*What the task requires*
A verbatim reproduction of the lines below, from the line containing "3608-01 - Mens Titanium & Leather Watch" through the line containing "Adidas Sharks #12", both ends included, is the whole required output.

Extracted records:
========================================================================
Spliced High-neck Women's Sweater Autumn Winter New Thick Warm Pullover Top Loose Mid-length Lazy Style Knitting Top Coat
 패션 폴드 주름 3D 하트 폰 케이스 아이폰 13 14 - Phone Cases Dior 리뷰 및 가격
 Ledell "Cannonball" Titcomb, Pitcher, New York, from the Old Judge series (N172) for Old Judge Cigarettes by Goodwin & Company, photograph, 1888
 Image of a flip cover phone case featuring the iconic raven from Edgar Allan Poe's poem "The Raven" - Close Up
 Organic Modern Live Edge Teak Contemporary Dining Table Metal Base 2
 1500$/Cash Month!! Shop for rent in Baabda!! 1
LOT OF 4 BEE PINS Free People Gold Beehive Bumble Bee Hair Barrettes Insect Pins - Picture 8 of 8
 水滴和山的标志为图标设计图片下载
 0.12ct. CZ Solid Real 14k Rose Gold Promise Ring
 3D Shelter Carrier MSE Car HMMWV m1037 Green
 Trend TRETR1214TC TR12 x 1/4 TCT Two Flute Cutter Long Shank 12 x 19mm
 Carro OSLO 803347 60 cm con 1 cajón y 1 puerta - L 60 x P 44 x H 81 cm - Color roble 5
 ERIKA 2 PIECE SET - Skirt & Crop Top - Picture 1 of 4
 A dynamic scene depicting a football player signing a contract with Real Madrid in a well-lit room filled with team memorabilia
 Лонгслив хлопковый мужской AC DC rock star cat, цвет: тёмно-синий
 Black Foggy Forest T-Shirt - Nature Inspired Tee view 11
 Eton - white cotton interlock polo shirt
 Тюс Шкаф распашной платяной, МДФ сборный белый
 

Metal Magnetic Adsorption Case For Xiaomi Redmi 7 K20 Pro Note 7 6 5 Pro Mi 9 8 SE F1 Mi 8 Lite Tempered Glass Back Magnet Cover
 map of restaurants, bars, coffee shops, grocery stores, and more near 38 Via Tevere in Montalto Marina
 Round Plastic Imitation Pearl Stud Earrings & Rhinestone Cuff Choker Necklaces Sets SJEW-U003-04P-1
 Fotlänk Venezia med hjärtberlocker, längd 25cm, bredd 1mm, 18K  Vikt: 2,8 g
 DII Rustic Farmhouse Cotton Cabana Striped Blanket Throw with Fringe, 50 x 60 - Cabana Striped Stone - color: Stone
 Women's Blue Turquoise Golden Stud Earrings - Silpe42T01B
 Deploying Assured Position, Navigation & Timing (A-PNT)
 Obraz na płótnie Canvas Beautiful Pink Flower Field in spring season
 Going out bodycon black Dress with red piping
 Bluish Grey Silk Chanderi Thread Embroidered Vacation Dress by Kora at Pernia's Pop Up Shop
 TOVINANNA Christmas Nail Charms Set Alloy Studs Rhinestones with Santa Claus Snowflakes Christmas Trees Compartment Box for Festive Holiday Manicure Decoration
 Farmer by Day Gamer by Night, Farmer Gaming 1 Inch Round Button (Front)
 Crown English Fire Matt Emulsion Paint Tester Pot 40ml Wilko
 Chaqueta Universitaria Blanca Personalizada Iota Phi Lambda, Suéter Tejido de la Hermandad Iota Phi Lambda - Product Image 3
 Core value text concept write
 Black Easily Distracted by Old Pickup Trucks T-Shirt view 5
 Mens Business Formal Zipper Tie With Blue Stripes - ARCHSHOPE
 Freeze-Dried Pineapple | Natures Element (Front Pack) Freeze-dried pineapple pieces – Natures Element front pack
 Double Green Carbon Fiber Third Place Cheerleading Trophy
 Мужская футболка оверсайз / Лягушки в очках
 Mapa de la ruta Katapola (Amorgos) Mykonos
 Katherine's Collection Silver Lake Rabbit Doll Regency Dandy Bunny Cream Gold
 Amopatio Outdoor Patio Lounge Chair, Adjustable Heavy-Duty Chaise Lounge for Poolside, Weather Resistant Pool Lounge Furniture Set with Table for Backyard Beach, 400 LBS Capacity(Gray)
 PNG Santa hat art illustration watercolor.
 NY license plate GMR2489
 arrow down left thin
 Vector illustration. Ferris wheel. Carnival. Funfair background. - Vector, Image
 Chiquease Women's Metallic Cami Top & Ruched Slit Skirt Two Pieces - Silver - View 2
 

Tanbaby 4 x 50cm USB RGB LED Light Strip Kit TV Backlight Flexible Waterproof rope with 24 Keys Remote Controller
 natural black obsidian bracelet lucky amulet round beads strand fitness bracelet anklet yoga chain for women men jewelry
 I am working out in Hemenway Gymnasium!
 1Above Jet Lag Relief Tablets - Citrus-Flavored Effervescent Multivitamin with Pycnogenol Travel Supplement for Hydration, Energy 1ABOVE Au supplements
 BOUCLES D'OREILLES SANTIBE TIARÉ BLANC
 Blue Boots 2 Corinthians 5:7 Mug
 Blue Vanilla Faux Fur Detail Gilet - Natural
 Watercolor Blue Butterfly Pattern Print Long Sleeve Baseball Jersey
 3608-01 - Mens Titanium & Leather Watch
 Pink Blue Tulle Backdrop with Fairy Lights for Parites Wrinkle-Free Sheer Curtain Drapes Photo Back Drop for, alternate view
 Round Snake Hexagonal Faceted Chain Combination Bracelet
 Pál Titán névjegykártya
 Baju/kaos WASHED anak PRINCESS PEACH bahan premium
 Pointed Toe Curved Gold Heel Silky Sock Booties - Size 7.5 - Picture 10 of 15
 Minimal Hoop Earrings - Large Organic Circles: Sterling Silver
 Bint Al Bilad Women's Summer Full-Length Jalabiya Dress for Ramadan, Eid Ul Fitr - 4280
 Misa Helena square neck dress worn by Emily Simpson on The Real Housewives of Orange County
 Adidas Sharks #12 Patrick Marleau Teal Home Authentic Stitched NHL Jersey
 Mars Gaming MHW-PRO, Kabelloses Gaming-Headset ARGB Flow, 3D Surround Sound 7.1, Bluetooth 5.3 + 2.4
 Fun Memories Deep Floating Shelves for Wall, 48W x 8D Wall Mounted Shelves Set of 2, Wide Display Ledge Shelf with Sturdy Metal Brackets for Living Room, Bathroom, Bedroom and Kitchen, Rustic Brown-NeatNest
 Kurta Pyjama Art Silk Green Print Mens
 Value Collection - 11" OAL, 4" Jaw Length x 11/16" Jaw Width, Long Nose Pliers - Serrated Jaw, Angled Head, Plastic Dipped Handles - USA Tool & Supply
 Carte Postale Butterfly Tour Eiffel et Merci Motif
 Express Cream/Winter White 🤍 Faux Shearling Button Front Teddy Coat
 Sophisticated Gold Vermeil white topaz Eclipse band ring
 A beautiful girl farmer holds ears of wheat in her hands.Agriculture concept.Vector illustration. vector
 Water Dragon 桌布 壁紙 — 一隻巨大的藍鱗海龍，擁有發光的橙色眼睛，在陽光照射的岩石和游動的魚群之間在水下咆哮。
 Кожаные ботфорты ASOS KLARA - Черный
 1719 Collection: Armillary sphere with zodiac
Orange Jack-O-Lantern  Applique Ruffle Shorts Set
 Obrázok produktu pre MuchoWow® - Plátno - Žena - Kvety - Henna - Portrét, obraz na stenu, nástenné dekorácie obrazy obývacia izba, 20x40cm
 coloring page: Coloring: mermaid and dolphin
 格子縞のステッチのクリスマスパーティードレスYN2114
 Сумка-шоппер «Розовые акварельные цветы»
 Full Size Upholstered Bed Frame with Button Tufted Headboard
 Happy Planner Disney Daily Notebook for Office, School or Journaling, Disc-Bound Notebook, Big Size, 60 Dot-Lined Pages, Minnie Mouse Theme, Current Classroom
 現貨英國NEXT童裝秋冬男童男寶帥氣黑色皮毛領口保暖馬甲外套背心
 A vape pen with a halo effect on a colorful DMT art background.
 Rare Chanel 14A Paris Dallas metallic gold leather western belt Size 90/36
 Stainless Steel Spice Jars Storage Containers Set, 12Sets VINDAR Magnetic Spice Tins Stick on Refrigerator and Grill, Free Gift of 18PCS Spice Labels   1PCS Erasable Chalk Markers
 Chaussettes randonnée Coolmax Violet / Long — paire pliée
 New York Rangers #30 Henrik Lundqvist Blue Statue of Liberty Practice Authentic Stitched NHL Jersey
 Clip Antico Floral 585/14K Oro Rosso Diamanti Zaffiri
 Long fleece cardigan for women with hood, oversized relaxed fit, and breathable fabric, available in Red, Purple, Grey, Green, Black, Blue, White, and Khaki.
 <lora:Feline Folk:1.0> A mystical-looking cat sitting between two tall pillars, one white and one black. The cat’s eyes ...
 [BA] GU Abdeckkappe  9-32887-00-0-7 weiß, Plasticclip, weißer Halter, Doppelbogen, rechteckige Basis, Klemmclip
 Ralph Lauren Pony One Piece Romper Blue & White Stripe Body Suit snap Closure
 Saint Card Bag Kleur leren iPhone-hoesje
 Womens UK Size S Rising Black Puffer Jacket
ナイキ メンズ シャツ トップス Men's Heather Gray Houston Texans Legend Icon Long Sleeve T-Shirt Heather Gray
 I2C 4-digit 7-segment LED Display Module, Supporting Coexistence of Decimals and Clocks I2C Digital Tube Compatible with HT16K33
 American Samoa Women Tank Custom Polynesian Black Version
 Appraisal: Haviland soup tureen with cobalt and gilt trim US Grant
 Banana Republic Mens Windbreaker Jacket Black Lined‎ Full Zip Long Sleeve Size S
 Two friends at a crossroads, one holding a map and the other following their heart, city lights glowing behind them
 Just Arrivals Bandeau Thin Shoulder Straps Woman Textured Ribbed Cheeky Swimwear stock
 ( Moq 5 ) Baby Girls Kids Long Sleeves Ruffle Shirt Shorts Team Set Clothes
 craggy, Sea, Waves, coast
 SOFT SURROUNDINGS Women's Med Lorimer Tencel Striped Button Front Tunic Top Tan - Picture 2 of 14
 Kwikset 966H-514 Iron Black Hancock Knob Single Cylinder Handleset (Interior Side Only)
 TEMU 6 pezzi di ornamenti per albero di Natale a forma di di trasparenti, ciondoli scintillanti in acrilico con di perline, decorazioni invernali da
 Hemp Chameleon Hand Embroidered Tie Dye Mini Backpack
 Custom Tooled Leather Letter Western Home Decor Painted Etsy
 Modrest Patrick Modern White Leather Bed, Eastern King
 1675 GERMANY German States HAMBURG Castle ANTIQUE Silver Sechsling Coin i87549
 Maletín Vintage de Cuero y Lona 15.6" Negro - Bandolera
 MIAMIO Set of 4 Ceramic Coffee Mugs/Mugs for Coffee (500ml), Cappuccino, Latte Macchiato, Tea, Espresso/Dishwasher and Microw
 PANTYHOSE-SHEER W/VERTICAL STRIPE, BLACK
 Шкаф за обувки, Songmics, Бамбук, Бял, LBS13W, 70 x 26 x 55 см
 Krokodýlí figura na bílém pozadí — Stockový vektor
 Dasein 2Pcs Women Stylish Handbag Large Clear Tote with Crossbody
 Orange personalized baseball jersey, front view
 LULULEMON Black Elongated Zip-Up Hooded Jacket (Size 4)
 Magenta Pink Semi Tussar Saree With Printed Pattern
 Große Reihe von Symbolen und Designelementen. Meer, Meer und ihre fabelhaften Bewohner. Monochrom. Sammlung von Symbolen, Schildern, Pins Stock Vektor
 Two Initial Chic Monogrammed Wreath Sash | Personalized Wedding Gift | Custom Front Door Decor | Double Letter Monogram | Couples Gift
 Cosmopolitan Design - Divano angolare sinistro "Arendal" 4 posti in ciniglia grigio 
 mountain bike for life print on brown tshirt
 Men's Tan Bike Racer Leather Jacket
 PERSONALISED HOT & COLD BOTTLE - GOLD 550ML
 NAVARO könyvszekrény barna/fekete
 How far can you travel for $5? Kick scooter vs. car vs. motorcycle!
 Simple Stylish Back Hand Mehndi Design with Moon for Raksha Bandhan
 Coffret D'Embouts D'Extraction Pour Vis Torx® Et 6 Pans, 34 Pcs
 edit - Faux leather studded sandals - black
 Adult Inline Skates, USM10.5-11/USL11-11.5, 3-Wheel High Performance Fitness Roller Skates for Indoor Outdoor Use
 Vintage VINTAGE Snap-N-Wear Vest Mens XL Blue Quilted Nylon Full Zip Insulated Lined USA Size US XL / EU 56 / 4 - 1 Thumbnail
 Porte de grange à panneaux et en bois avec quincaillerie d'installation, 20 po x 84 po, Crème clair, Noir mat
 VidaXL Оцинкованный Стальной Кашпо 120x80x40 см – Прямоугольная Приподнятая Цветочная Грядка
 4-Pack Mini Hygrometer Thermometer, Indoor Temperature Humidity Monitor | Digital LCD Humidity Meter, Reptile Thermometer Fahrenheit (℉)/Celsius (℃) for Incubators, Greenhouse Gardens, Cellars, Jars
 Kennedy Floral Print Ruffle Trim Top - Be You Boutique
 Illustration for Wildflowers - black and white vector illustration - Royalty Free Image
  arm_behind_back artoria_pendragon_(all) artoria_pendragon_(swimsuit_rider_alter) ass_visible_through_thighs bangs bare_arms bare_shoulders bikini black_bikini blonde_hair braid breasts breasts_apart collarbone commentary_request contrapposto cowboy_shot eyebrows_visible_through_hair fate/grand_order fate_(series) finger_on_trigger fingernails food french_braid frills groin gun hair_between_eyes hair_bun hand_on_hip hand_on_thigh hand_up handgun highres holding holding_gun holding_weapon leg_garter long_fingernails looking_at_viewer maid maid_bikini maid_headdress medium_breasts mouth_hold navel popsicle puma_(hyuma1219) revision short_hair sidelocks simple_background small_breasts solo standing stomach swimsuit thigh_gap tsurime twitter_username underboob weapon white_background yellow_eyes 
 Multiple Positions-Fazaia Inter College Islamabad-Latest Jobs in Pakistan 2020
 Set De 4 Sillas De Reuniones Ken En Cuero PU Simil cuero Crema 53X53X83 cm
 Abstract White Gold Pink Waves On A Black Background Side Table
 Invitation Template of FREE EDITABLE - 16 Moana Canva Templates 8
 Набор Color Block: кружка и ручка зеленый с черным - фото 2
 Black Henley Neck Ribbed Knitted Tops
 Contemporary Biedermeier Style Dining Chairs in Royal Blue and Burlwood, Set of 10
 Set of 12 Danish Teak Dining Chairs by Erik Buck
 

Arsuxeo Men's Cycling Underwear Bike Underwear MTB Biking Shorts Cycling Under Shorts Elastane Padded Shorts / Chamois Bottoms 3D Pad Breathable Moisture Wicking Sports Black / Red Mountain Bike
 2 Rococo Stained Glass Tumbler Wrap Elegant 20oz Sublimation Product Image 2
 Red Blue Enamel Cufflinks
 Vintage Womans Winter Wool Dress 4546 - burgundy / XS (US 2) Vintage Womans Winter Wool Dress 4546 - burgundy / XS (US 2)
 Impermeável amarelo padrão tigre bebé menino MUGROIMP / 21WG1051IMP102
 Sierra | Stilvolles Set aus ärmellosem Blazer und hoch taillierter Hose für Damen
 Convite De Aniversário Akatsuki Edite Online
========================================================================
*Exercise response*
 3608-01 - Mens Titanium & Leather Watch
 Pink Blue Tulle Backdrop with Fairy Lights for Parites Wrinkle-Free Sheer Curtain Drapes Photo Back Drop for, alternate view
 Round Snake Hexagonal Faceted Chain Combination Bracelet
 Pál Titán névjegykártya
 Baju/kaos WASHED anak PRINCESS PEACH bahan premium
 Pointed Toe Curved Gold Heel Silky Sock Booties - Size 7.5 - Picture 10 of 15
 Minimal Hoop Earrings - Large Organic Circles: Sterling Silver
 Bint Al Bilad Women's Summer Full-Length Jalabiya Dress for Ramadan, Eid Ul Fitr - 4280
 Misa Helena square neck dress worn by Emily Simpson on The Real Housewives of Orange County
 Adidas Sharks #12 Patrick Marleau Teal Home Authentic Stitched NHL Jersey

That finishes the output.